Frank Schwabe, sözlerini şöyle sürdürdü: "Ancak Türkiye demokratik bir seçimin temel ilkelerini yerine getirmiyor. Türkiye, AİHM kararlarına rağmen kilit bazı isimler hala cezaevlerinde. Medya özgürlüğü ciddi şekilde kısıtlanıyor ve oto sansür ortamı hâkim. Türkiye adil bir seçim kampanyası için gerekli koşullardan çok uzakta."
‘Muhalif partilere baskı uygulandı’
Muhalefetteki ikinci büyük parti olan HDP’yi kapatmaya yönelik devam eden davalar dahil olmak üzere bir dizi adli süreçle muhalif partilere ve siyasilere baskı uygulandığını belirten heyet üyeleri, aynı zamanda kadın temsili açısından da bu seçimlerde partilerin iyi bir sınav vermediğini kaydetti.
‘Depremzedelerin büyük bir bölümü oy kullanmadı’
Gözlem heyetinin vurguladığı bir diğer husus Mereş depremlerinden etkilenen seçmenlerin durumu oldu. Yetkililerin depremde evlerini kaybeden ve etkilenenlerin seçimlere katılabilmesi için aldığı tedbirlerin "sınırlı" olduğuna işaret eden gözlem heyeti, devletin aldığı bu sınırlı tedbirlerin yanı sıra siyasi partilerin ya da gönüllü kuruluşların çabalarına rağmen depremzede seçmenlerin büyük bir bölümünün oy kullanmadığını belirtti.

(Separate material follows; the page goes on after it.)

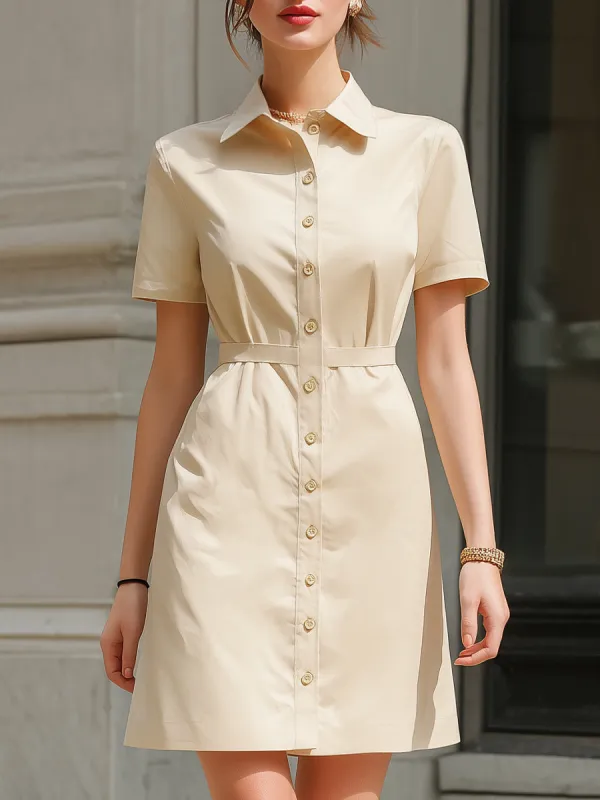 Short Sleeve Button-Down Shirt Dress made by Mooyius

‘Ulusal televizyon kanalları iktidar partilerini kayırmıştır’
AGİT PA Heyet Başkanı Farah Karimi, "Yüz binlerce insan depremlerden etkilenenler ve özellikle öğrenciler, oy verme haklarını kullanabilmek için ek birçok zahmete girmek durumunda kalmışlardır" diye konuştu. Farah Karimi, ayrıca ifade ve basın özgürlüğü genel olarak güvence altında olsa da bir dizi kanunun bu özgürlüğe sınırlama getirdiğine dikkat çekerek, "Devlete ait resmi yayın kuruluşunun anayasaya göre tarafsız kalma yükümlülüğü bulunsa da bu ve diğer pek çok ulusal TV istasyonları açık bir şekilde iktidar partilerini ve onların gösterdiği adayı kayırmıştır" dedi.

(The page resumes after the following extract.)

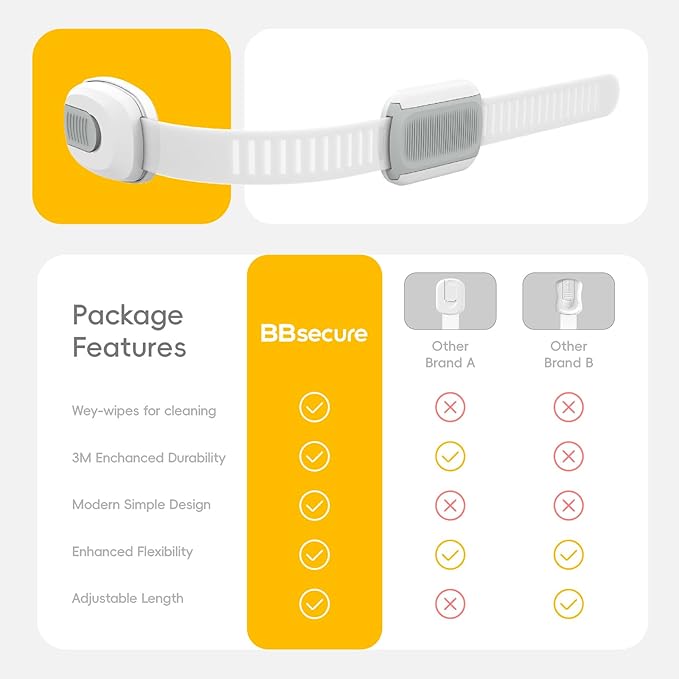 8 Packs Cabinet Locks Baby Proofing, Child Proof Cabinet Locks with 3M Adhesive, No-Drill Child Safety Cabinet Lock, Flexible for Drawer, Door, Fridge, Trashcan, Toilet Seat, Pantry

‘İfade özgürlüğüne sınırlama getirildi’
DKİHB seçim gözlem heyetine başkanlık eden Büyükelçi Jan Petersen ise seçime yüksek katılımın halkın demokratik ruhunun iyi bir örneği olduğunu belirtirken, eleştirilerini ise şöyle sıraladı: "Seçim idaresinin çalışmalarının şeffaflıktan yoksun olduğunu, kamu medyasının ezici bir taraflılık sergilediğini ve ifade özgürlüğüne sınırlamalar getirildiğini de üzülerek belirtmek isterim."
‘Siyasette kadınların temsili sınırlıydı’
Heyetin hazırladığı ön raporda, siyasette kadınların temsilinin sınırlı oluşuna değinildi. Milletvekili adaylarının sadece dörtte birinin kadın olduğunun belirtildiği raporda, cumhurbaşkanı adayları arasında ise hiç kadın bulunmadığı hatırlatıldı. "Seçim kampanyalarında kadınların görünürlüğü kısıtlı kalmış ve sadece birkaç siyasi parti kampanyalarında kadınların eşitliği ve toplumsal cinsiyete dayalı şiddetle mücadele konulu mesajlara ver vermiştir" denilen raporda, bazı kadın siyasetçilerin kampanyaları sırasında cinsiyete dayalı tacize uğradığını rapor etmesinin ise endişe verici olduğu kaydedildi.
Uluslararası gözlemciler ana raporlarını seçimin ikinci turunu da takip ettikten sonra ülkelerine dönmelerinin ardından yayımlayacaklar. Bu kapsamda DKİHB raporunu seçim sürecinin tamamlanmasından yaklaşık 8 hafta sonra olası iyileştirmeleri de içeren şekilde yayımlayacak. AGİT PA raporunu bir sonraki toplantısında sunacak. AKPM ise raporunu Haziran 2023’te Strasburg’daki ara oturumunda sunacak.